Tag Archives: South America


27 Oct

I can still taste Colombia – it’s Limonada de Cocoa – slightly sweet, sexy and a refreshing way to cut the heat. It’s blended mangos con agua with sugar, it’s lulo, a fruit that I had never heard of before until I arrived.

It’s Paisa breakfast, so hungover from Aguacaliente that I can barely keep my head up. It’s beans, rice, sausage and chicharron. It’s drinking straight from the bottle and salsa. It’s a man inviting me to dance, a caballero, with a two week old, whose wife is at home, as she should be – taking care of the bebe.

It’s him proudly showing me photos while giving me the eyes – always naughty, always dangerous and yet seeped in tradition, national pride. It’s knowing I could get stabbed at a soccer game, if I was a man who wasn’t wearing a millionarios scarf. It’s standing on the side of the road, waiting for the bus to come, hopping on as it almost stops and then listening to boleros for two hours, wanting to stuff cotton into my ears.

It’s going to the square with Fiorella and Marisa, while negotiating our way onto a boat and jetting off to Playa Blanca. It’s watching shirtless boys hang off the side of the boat, hoping to be taken away from what they were born to – creatures of the sea and island life; future fisherman with threadbare possibilities.

It’s going even further North, to ‘The Dream Hostel,’ and disappointing a man who I told to, “meet me there.” It’s making eyes, drunkenly, at Lancelot, the French bartender who had walked away from everything two years before. It’s going to a club, and standing on a wooden block, shaking, shimmying and observing who I’d want to give myself to.

It’s Raul’s green eyes, flashing, as he tells me, “tu estas loca,” and I laugh and ask, “por que?” and he grabs my hand and twirls me around because it’s Cartagena and we just won the game.

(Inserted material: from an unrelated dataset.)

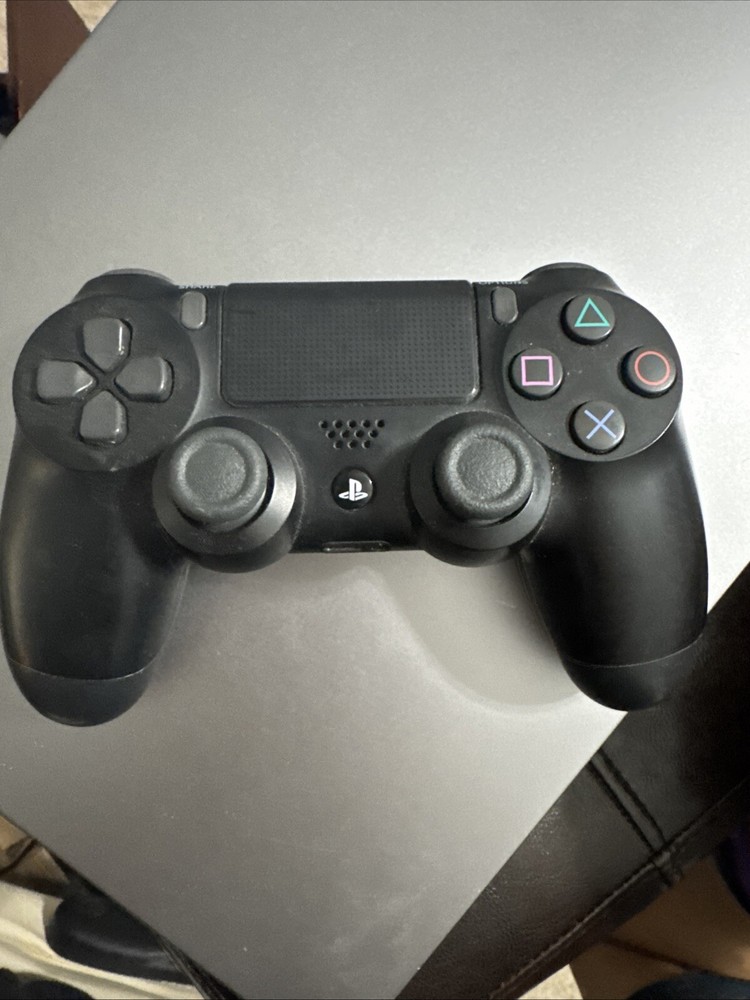 PlayStation 4 Controller Wireless Sony Black Color *L3 slightly jammed*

It’s being airlifted above the communas with the three Australians I was trailing because I was too afraid to take the subway alone. It’s going to an art museum that has three rooms, and laughing at myself for seeking culture.

Colombia is wild – it is better than culture, it’s untempered, natural beauty and as haughty  and crazy as the truly beautiful are.

It’s more than taste, that drips down your lips, it’s more than a, “feast for the eyes,” it’s the sound of guitars at one in the morning, while mota wafts in the air. It’s that quiet cup of coffee on a finca and sixteen shades of green. It’s curved roads and snakes with no names that are yellow and black with poison. It’s avocados as big as your face, and the sound of strangers saying, “buenas,” to one another.

It’s standing in a valley with near extinct trees and crossing bridges made of wire and breaking slats, and  paying a guy 5 bucks to be driven to a town that’s just a suggestion.

It’s learning how to fearlessly hop on the back of a motorcycle and being taken into a community that is booming with ramshackle tourism: beach shacks, hotels, juice stands and swimming pools. It’s observing a village that only has school three days a week because that’s how often the teachers are willing to come.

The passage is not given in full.